Using matrix multiplication on fib_matrix and the previous result produces the next value: $\begin{bmatrix}1.0\\2.0\end{bmatrix}$. And so on.

In the fibonacci_seq function (below), perform the following steps:

  • Create fib_seq, the 2x1 2D tensor Variable to hold the current values of the Fibonacci sequence.
  • Perform the matrix multiplication of fib_matrix and fib_seq using tf.matmul(), and assign the result back to fib_seq using tf.assign(). Examples here.

Make sure you add the correct tensors to the output_dict so that the computations are actually performed.


In [ ]:
import tensorflow as tf

with tf.Graph().as_default() as g:

    # Add code that will calculate and output the Fibonacci sequence
    # using TF. You will need to make use of tf.matmul() and
    # tf.assign() to perform the multiplications and assign the result
    # back to the variable fib_seq.

    fib_matrix = tf.constant([[0.0, 1.0],
                              [1.0, 1.0]])

    ### SOLUTION START ###
    # Put your solution code here.

    # Step 1.
    # Change this line to initialize fib_seq to a 2x1 TensorFlow
    # tensor *Variable* with the initial values of 0.0 and 1.0. Hint:
    # You'll need to make sure you specify a 2D tensor of shape 2x1,
    # not a 1D tensor.
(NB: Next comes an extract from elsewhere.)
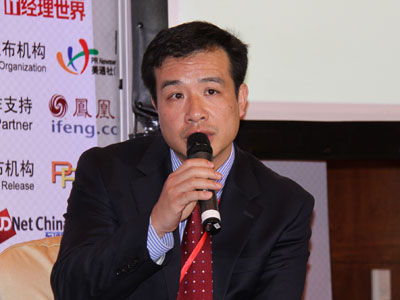 <div align="left">　　2009年3月17日，由ChinaVenture投中集团与Piper Jaffray联合主办的“2009中国投资年会(上海)”在上海隆重举行。新浪创业全程直播本次年会。图为华登国际董事总经理李文飚在“公众投资者的视角—确保公司做好上市准备”主题讨论中发言。</div>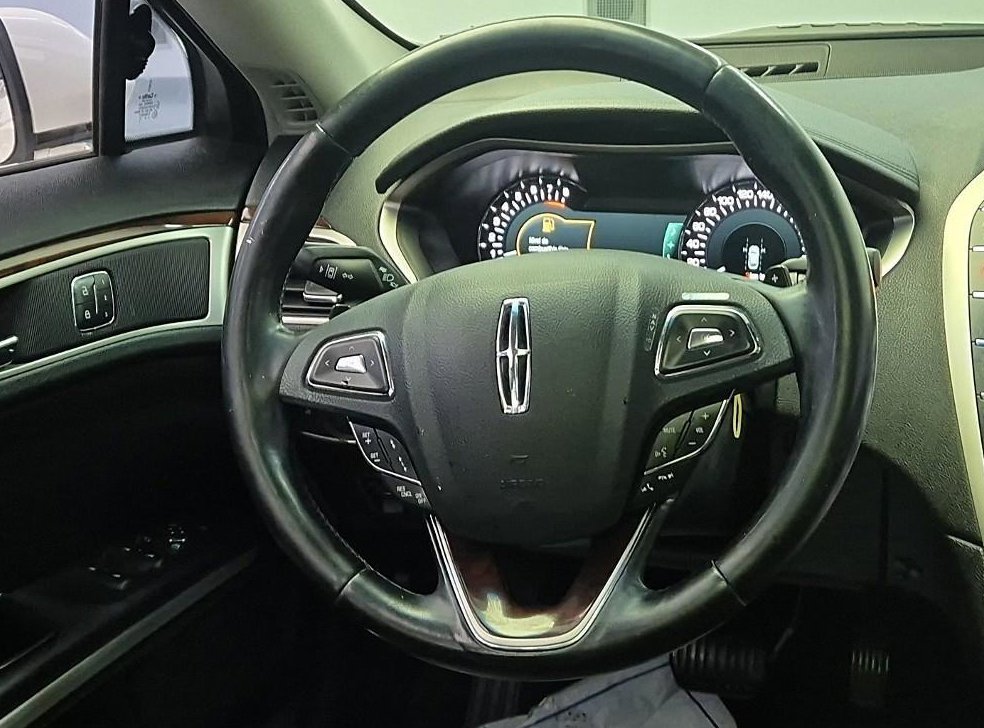 링컨 MKZ 2.0 AWD 사진 9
See fib_matrix above (a 2x2 2D tensor) to guide
    # you.
    fib_sequence = None
    
    # Step 2.
    # Change this line to multiply fib_matrix and fib_sequence using tf.matmul()
    next_fib = None
    
    # Step 3.
    # Change this line to assign the result back to fib_sequence using tf.assign()
    assign_op = None
    
    ### SOLUTION END ###
    
    init = tf.global_variables_initializer()
    with tf.Session() as sess:
        sess.run(init)
        for step in range(10):
            sess.run(assign_op)
            print(sess.run(fib_sequence))